One other possible method of analysis would involve taking a weighted correlation, where we look at the entire dataset but weight each observation by the inverse of the sum of the variances on the two relevant coefficients.
```{r}
int_model_df <- int_model_df %>%
dplyr::mutate(weight = 1 / (se_time_TN ^ 2 + se_time_TN_int_HS ^ 2))
```
```{r}
weights::wtd.cors(
x = int_model_df$coef_time_TN_int_HS,
y = int_model_df$coef_time_TN,
weight = int_model_df$weight
)
```
The correlation seems about the same here as in the overall dataset.
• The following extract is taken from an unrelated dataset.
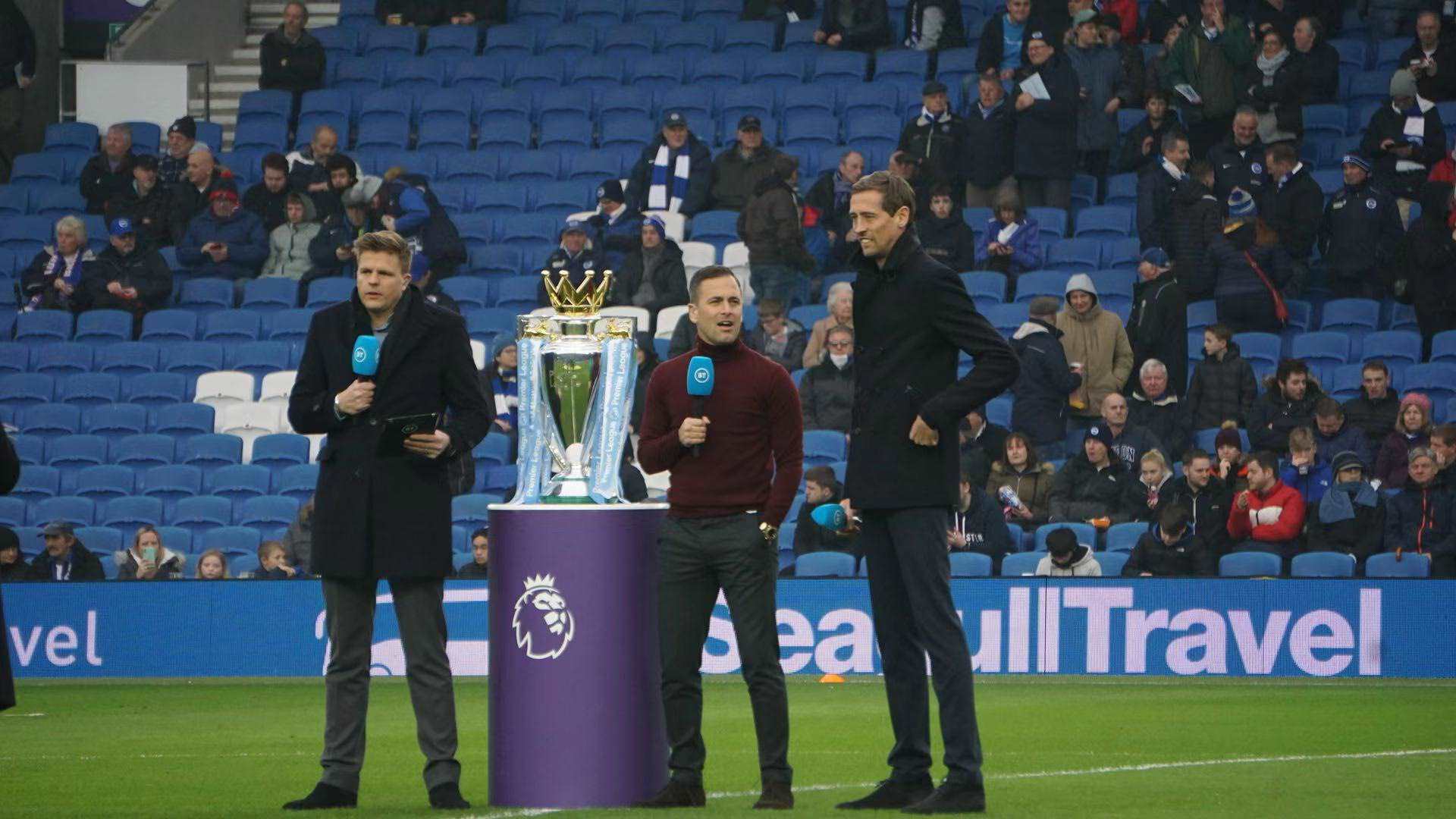 承诺充满战 承诺充满战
So, overall it seems that the interaction model does lend some amount of credence to the amplification hypothesis. However, I'm not really sure the best way to subset the data to test this hypothesis. Once we determine this precisely, I think that it would also be good to construct a permutation test where we shuffle the interaction term to get a null distribution for the correlation coefficient. This would allow us to more precisely assess the magnitude of the correlation between the coefficients.